Ding Y, Peng Y, Deng L, Fan J, Huang B.
J Steroid Biochem Mol Biol. 2016 Nov 15. pii: S0960-0760(16)30323-5. doi: 10.1016/j.jsbmb.2016.11.009. [Epub ahead of print]
Abstract
In addition to its antioxidant properties, γ-tocotrienol also has the ability to inhibit HMG-CoA reductase, which is the key enzyme in the mevalonate pathway for cholesterol biosynthesis. Statins, the competitive inhibitors of HMG-CoA reductase, display potent anticancer activity and reversal ability of multidrug resistance in a variety of tumor cells, which is believed to be due to their inhibition of HMG-CoA reductase. Here, we determined the role of the mevalonate pathway in γ-tocotrienol-mediated reversal of multidrug resistance in cancer cells. We found both γ-tocotrienol and atorvastatin effectively reversed multidrug resistance of MCF-7/Adr and markedly inhibited the intracellular levels of FPP and GGPP. Exogenous addition of mevalonate or FPP and GGPP almost completely prevented the reversal ability of atorvastatin but only partly attenuated the reversal effect of γ-tocotrienol on doxorubicin resistance. In addition, γ-tocotrienol actively inhibited the expression of P-gp and increased the accumulation of doxorubicin in cells, which led to the enhanced G2/M arrest and cell apoptosis. Taken together, γ-tocotrienol reversed the multidrug resistance of MCF-7/Adr with a mechanism distinct from that of atorvastatin. Instead of the mevalonate pathway, the inhibition of P-gp expression is a potential mechanism by which γ-tocotrienol reverses multidrug resistance in MCF-7/Adr.
Tocotrienol-Rich Fraction Modulates Amyloid Pathology and Improves Cognitive Function in AβPP/PS1 Mice.
Ibrahim NF, Yanagisawa D, Durani LW, Hamezah HS, Damanhuri HA, Wan Ngah WZ, Tsuji M, Kiuchi Y, Ono K, Tooyama I.

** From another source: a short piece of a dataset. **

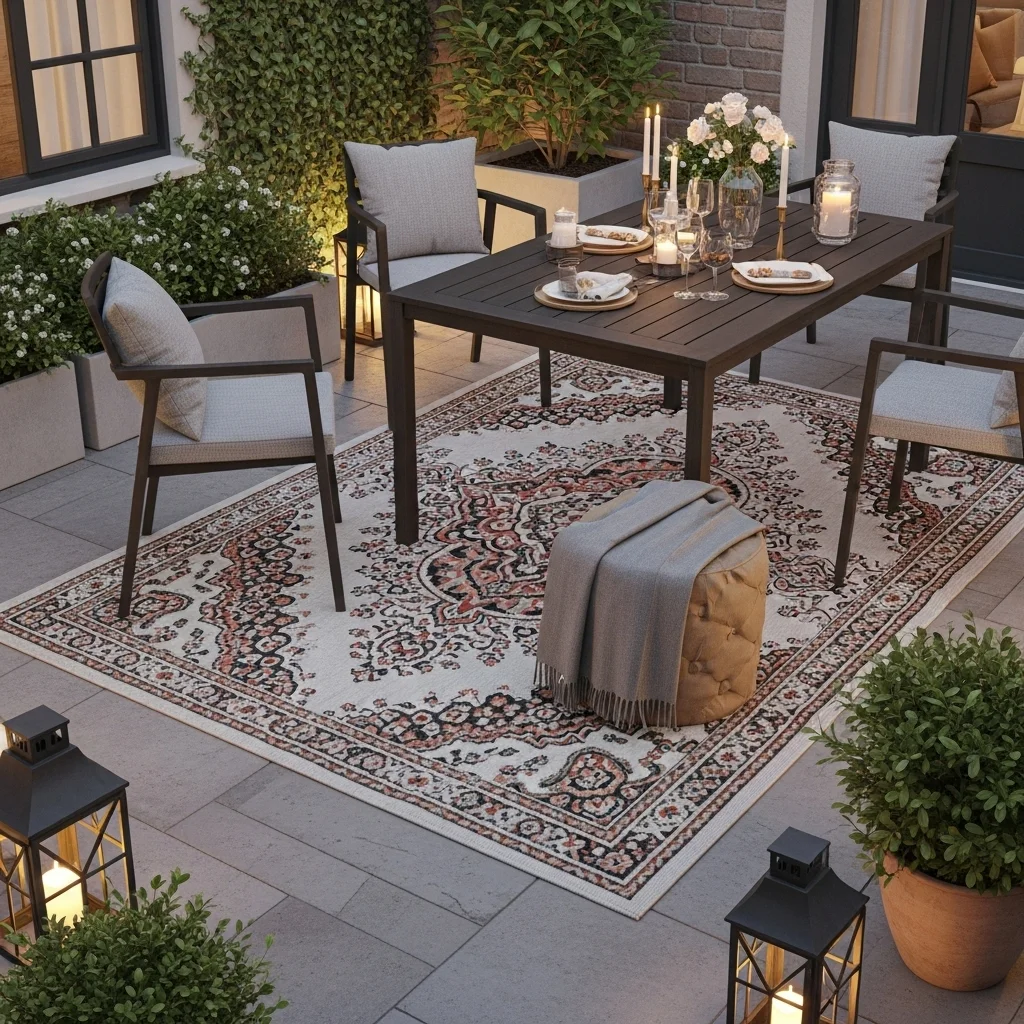 Stylish Outdoor Rug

Alzheimers Dis. 2016 Nov 19;55(2):597-612.
Abstract
Alzheimer’s disease (AD) is the most common cause of dementia. The cardinal neuropathological characteristic of AD is the accumulation of amyloid-β (Aβ) into extracellular plaques that ultimately disrupt neuronal function and lead to neurodegeneration. One possible therapeutic strategy therefore is to prevent Aβ aggregation. Previous studies have suggested that vitamin E analogs slow AD progression in humans. In the present study, we investigated the effects of the tocotrienol-rich fraction (TRF), a mixture of vitamin E analogs from palm oil, on amyloid pathology in vitro and in vivo. TRF treatment dose-dependently inhibited the formation of Aβ fibrils and Aβ oligomers in vitro. Moreover, daily TRF supplementation to AβPPswe/PS1dE9 double transgenic mice for 10 months attenuated Aβ immunoreactive depositions and thioflavin-S-positive fibrillar type plaques in the brain, and eventually improved cognitive function in the novel object recognition test compared with control AβPPswe/PS1dE9 mice. The present result indicates that TRF reduced amyloid pathology and improved cognitive functions, and suggests that TRF is a potential therapeutic agent for AD.